8. Mike Starr, Alice in Chains
It’s doubly tragic that much of original Alice in Chains bassist Mike Starr’s more recent fame came from appearances on VH1 reality show Celebrity Rehab With Dr. Drew over the two years prior to his fatal 2011 overdose. He was a supremely stylish player and naturally iconic stage presence whose deeply grooving, proudly functional lines and growly tone deftly underpinned the compositions of Jerry Cantrell and Layne Staley. With bass slung low and hair left long, Starr delivered his parts with a reckless, almost angry attack that was not replicated after his 1993 departure. Nothing personifies Starr’s contribution to AIC better that his ominously hypnotic, subtly detailed bassline for “Would?” which appeared on 1992’s Singles movie soundtrack.
9. Bruce Foxton & Rick Buckler, The Jam
While bassist-vocalist Bruce Foxton contributed occasional songs over The Jam’s six-album spasm of a career, increasingly the band was seen as a vehicle for the prodigious talents of singer, guitarist and principal tunesmith Paul Weller. Sure enough, when Weller went his own way, first with The Style Council (1983-89) and solo ever since, he continued to enjoy commercial success and critical adoration, particularly in his native U.K. But while Weller remains the untouchable Brit Poppa, little of his post-Jam material achieves the taut, grittily nostalgic mod/punk resonance of that trio, suggesting that — in terms of song structures, arrangements and even quality control — Foxton and drummer Rick Buckler were more than just able supporting players after all.
10. Dave Krusen, Pearl Jam
When sales of Pearl Jam’s debut album, Ten, exploded in late 1992 (eventually shifting close to 20 million copies worldwide), it was the dark mane of Dave Abbruzzese flailing behind the drums at their increasingly well-attended performances.

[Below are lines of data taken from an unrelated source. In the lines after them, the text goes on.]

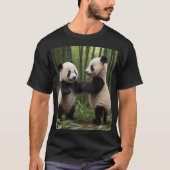 T-shirt Pandas Bébés En Jeu Dans Une Forêt De Bambou, (Devant)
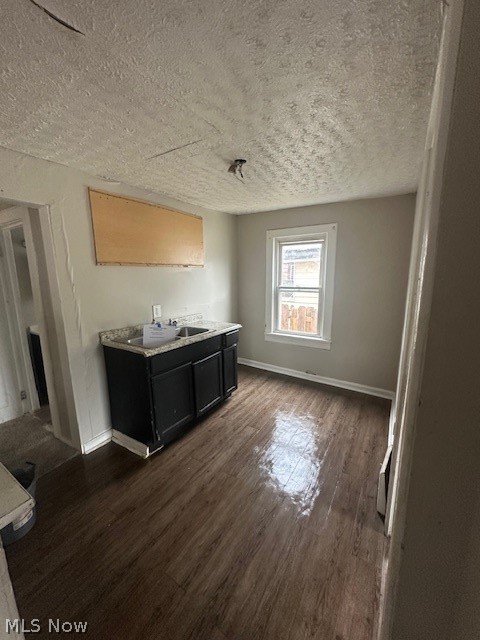 4678 E 147th Street Property Photo 2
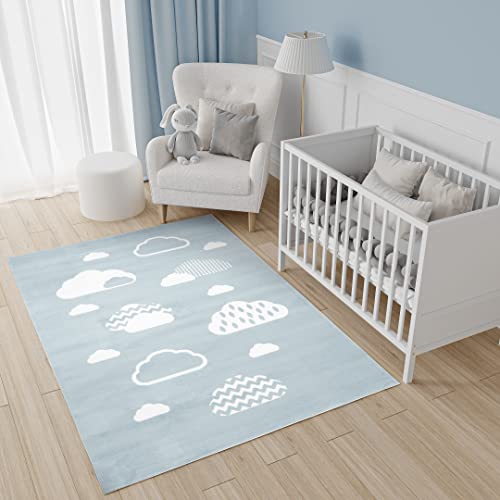 TAPISO Baby Teppich Kinderteppich Kurzflor Himmelblau Weiß Himmel Wolken Mutser Tropfen Zig Zag Streifen Kinderzimmer Modern 120 x 170 cm von TAPISO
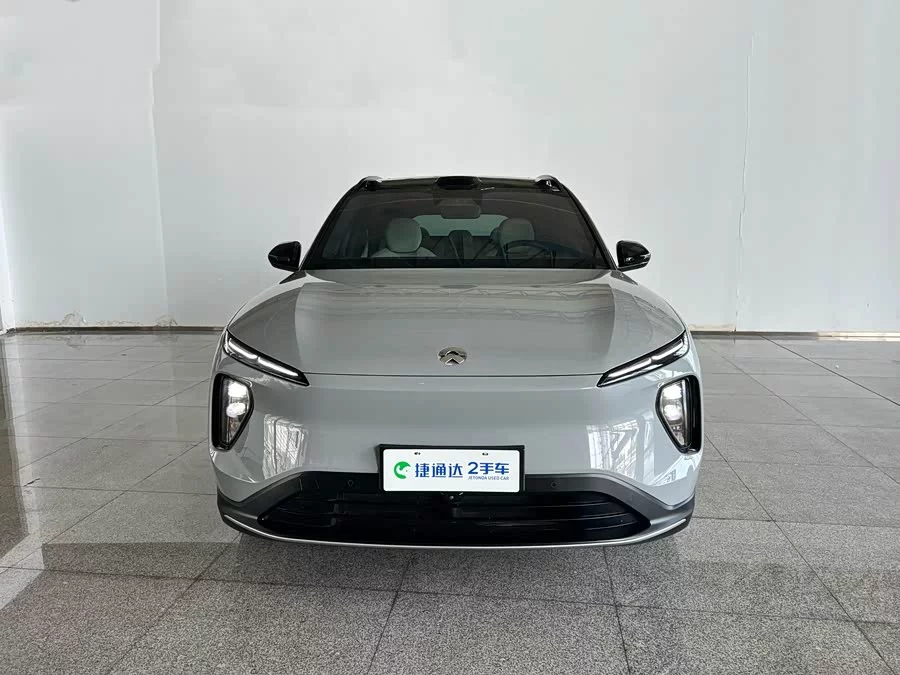 NIO ES6
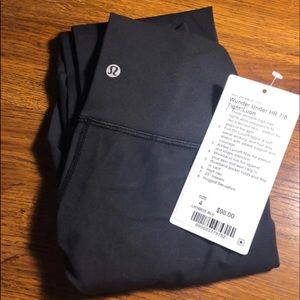 Lululemon size 4 high rise wunder under, black.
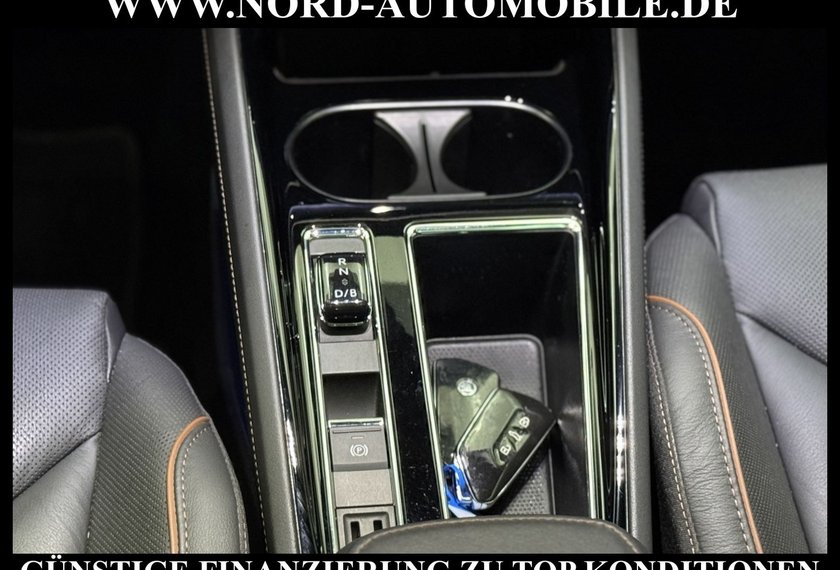 Skoda Enyaq Enyaq iV 80 x Founders Edition Suite Pano/AHK/21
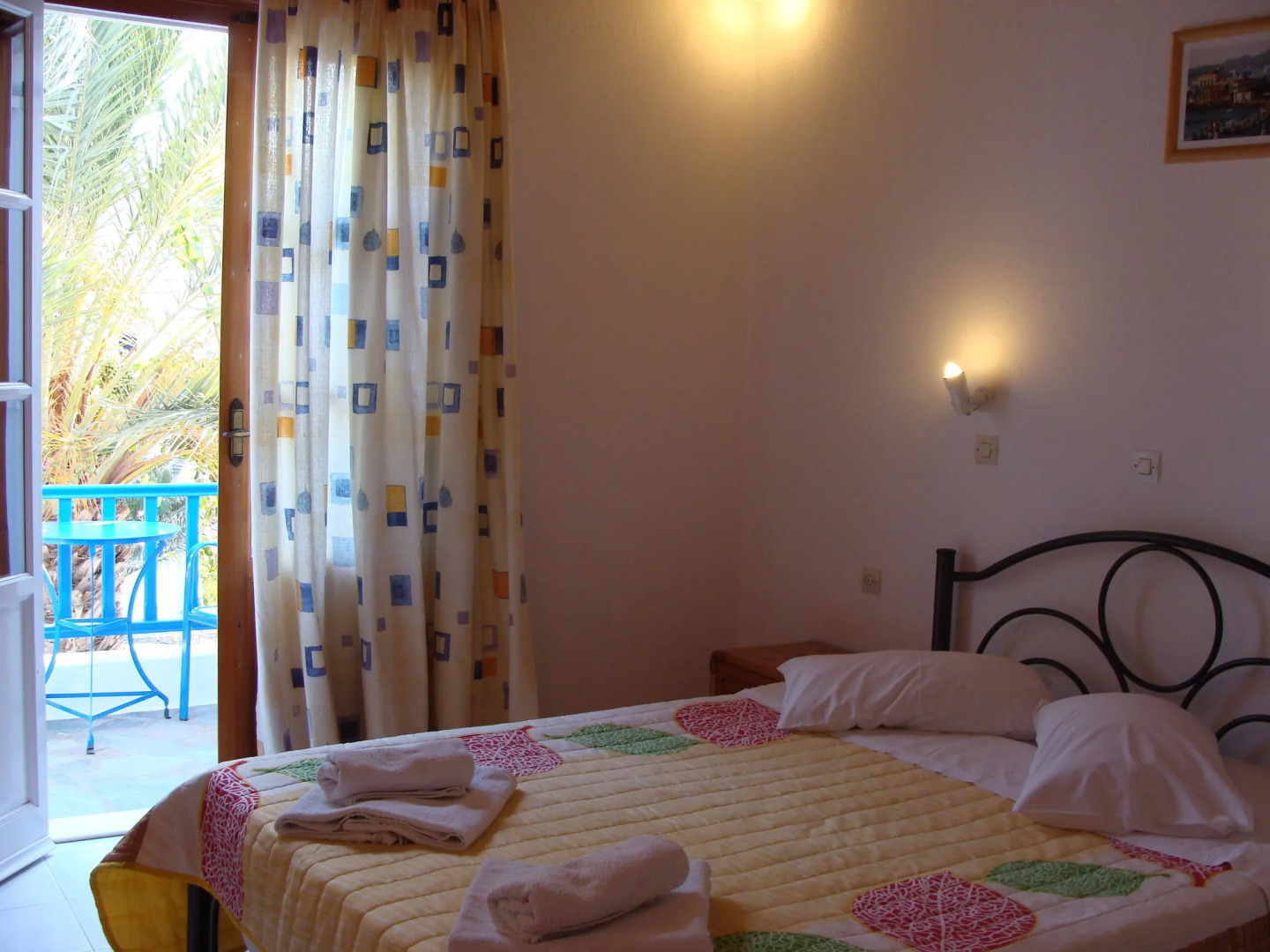 Anemos Studios & Apartments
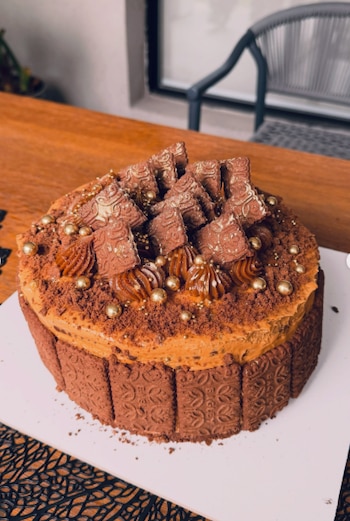 La torta del cumpleaños de Gianluca Simeone y su pequeño Faustino repleta de chocolate y galletitas (Instagram)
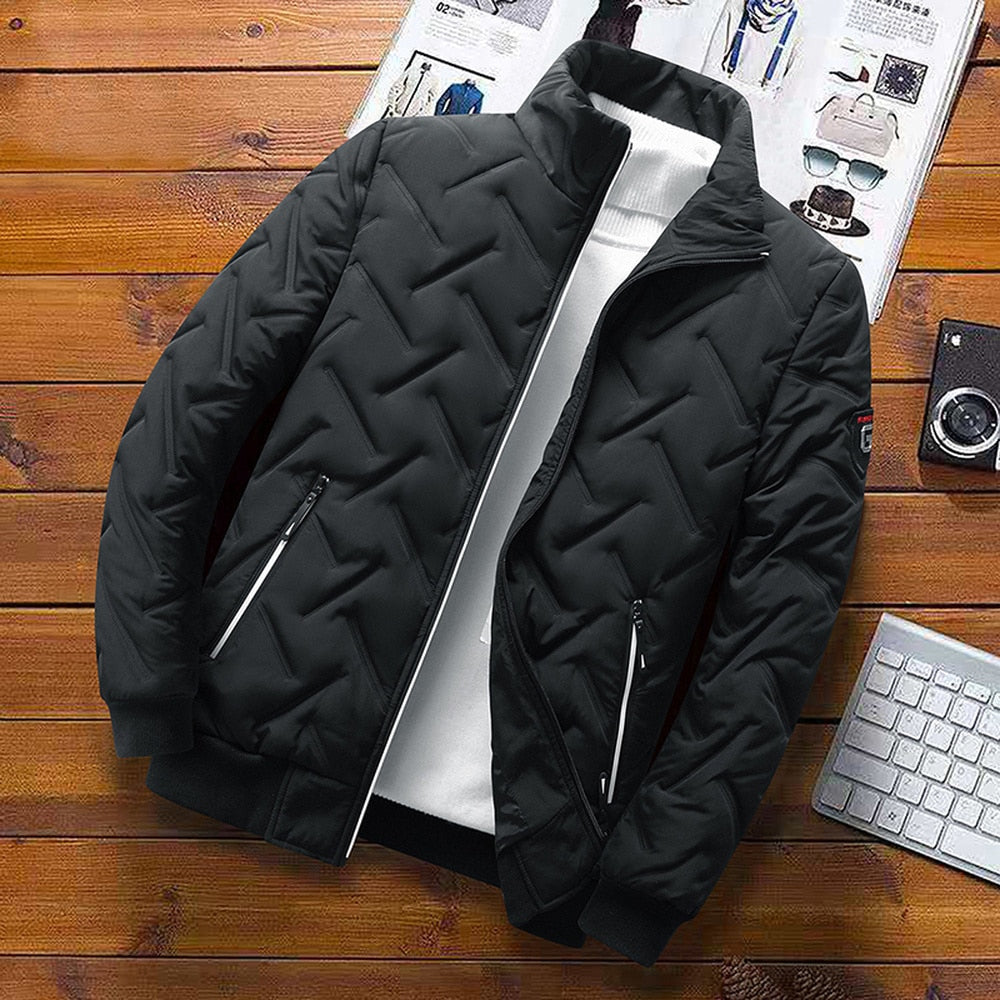 "Fabio gewatteerd herenjack, modieus en veelzijdig, ideaal voor casual looks in groen, wit/grijs en zwart."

But Ten had actually been recorded in early 1991, with little-known drummer Dave Krusen. So it’s Krusen playing on household-name hits “Alive,” “Even Flow” and “Jeremy”. Shortly after Ten’s completion, Krusen checked himself into rehab and out of Pearl Jam, but it was he (alongside current drummer Matt Cameron) who was recognized by the Rock and Roll Hall of Fame when Pearl Jam was inducted last year. “He had something really special,” Pearl Jam vocalist Eddie Vedder told Rolling Stone in 2009.